I’ve been thinking recently about who we are vs. what we do. When you wanna get to know a person, you ask about their hobbies and you observe their behaviour, because these give you insight into the person’s character, who the person is. So maybe what we do and who we are aren’t so different. Yet, the verbs you use to describe a person are very important.
I’m a reader vs. I read this book today, I’m a sportsman vs. I exercise regularly, I’m a cook vs. I cook. Reading is but an activity; it is something you do when you have a few hours to spare and something catches your eye. But being a reader seems to warrant something a little more – more commitment maybe, like reading is a part of your identity, a defining characteristic that you couldn’t do without. But how do you become a reader? Must you read everyday? Even weekly? Is it about frequency? Or is it about an appreciation for fictional worlds and how they are always more similar to our reality than we know? Must you read at an advanced level, understand and decode extended metaphors, before you can be called a reader? Must you read novels?
My boyfriend was recently sick and I thought to myself: I should cook a bowl of porridge or soup and bring it over, and my next immediate thought was: but I don’t cook. But then just as the thought formed in my mind, I realise how ridiculous it was. What do I mean I don’t cook? Sure I can cook. I can learn, I can Google, I can try, once I concoct something edible in the kitchen, have I not cooked? Then why was my immediate reaction ‘I don’t cook?’ And that was when I realised that saying things like ‘I’m not a reader’ or ‘I don’t cook’ is rubbish. Reading and cooking are activities that are learned, as is most of our life as human beings. As much as your personal preference for each activity is going to bleed into who you are as a person, you are not limited or defined by any of that unless you want to be. Unless. You. Want. To. Be.
I’m not talking of course about the people who have made the activities their profession – book agents or professional athletes. Those are different because when these activities become a part of your employment, they tangle into self-worth and purpose that’s very different from readers and athletes who are not trying to make it professionally.
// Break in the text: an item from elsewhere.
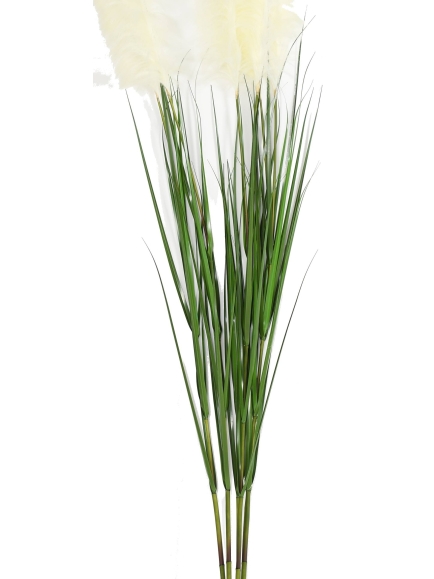 Graminée artificielle Carex Vulpina (fleur de la Pampa)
And so I guess, it’s an important part of personal identity when we say we are readers or writers or athletes, but I also think that we shouldn’t limit ourselves because ultimately these are things we can DO, and don’t necessarily have to BE.
When I was younger, I attended this relationship management course in junior college and one of the things that actually stuck with me was what the instructors said about behaviour. When you’re angry at a person, apparently you’re not supposed to say: ‘why are you an asshole,’ but say ‘why are you behaving like such an asshole.’ And immediately the difference is clear: if you’re behaving like an asshole, you’re just exhibiting the attributes of one, but you are not intrinsically an asshole. All this works into self-identity and naturalised behaviour, and so many bigger issues come into play here, but my point was really quite simple: BE all the things you can and want to be, but also know that you don’t have to BE anything but your special screwed up self to DO stuff, even new stuff or stuff you’re bad at.